- Born: 21 September 1981 (age 44) Delhi, India
- Occupation: Actor
- Years active: 2001– present
- Spouse: Sakshi Dogra ​(m. 2009)​
- Children: 1
- Relatives: Riddhi Dogra (sister) Arun Jaitley (uncle)

= Akshay Dogra =

Indian television actor

Akshay Dogra (/hns/; born 21 September 1981) is an Indian actor and producer working in the television industry. He has worked on many shows during his career, both on-screen and off-screen. After working backstage at many shows, Akshay finally made his television debut in 12/24 Karol Bagh on Zee TV. He is known for playing Akash Singh Raizada in Iss Pyaar Ko Kya Naam Doon?, Satya Nayak in Do Dil Ek Jaan and Jagan Pawaniya in Waaris.

==Early life==
Akshay was born and brought up in New Delhi with his younger sister, fellow actress Ridhi Dogra.

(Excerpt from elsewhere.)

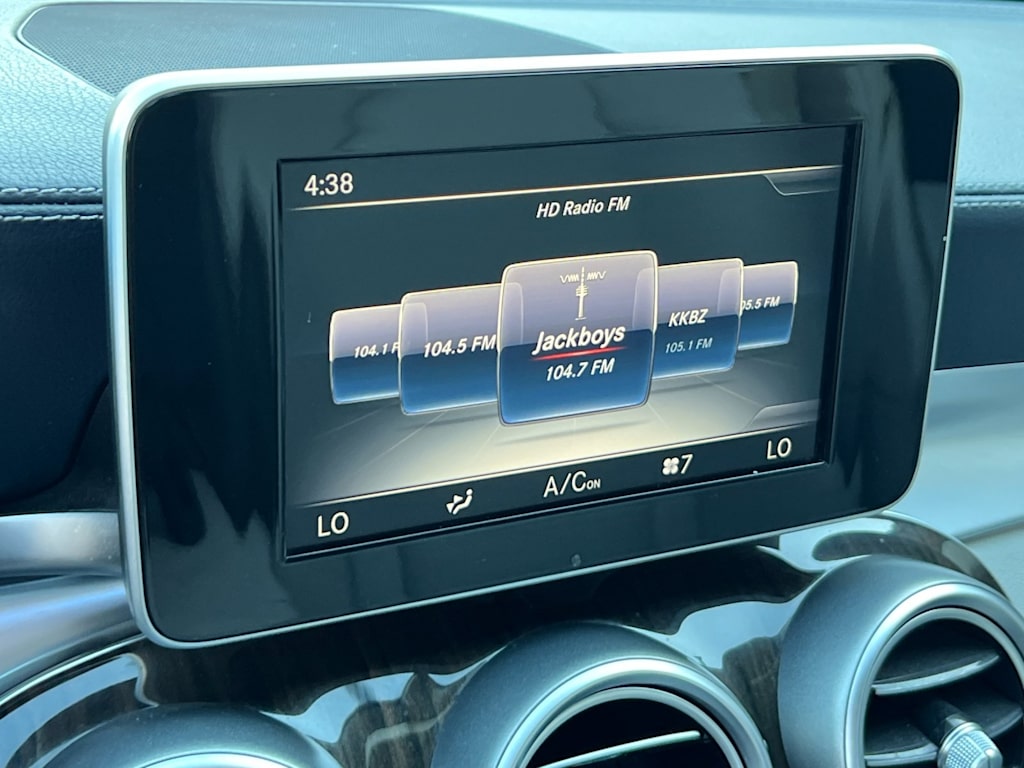 Thumbnail: 2015 Mercedes-Benz C-Class - 14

Akshay was 21 when he decided to enter the entertainment business.

==Career==
===Beginning===
At age 21, Akshay decided to move to Mumbai, Maharashtra to pursue a career in the entertainment business. Starting in 2002, Akshay started working behind the scenes as Executive producer as well as a member of the Creative Unit of many shows. For a while after moving to Mumbai, Akshay worked as an assistant to Deepak Tijori. He eventually moved on to acting.

===Breakthrough===
After transitioning from behind the camera to acting, Akshay landed a role in Zee TV's 12/24 Karol Bagh. He also acted in Kiss Kiss Bang Bang (2008) on Bindass, alongside Shweta Gulati. He played the role of Vishal from 2009 to 2010. His character was of a NRI boy who becomes engaged to Milli (Hunar Halli). Although he was not a lead and this show didn't make him a household name, it did earn him enough success to help him land his next role. He, after his role on 12/24 Karol Bagh ended, landed the role of Akash Singh Raizada in the very popular Hindi Daily Soap Opera Iss Pyaar Ko Kya Naam Doon? on STAR Plus. His character is the cousin of the male lead Arnav (Barun Sobti), who also falls in love and marries the sister, Payal (Deepali Pansare) of the female lead Khushi (Sanaya Irani). His role on this show has made him much more popular and has opened up many new pathways for him.

In 2011, he also acted in stage play, Apples and Walnut, about valley of Kashmir.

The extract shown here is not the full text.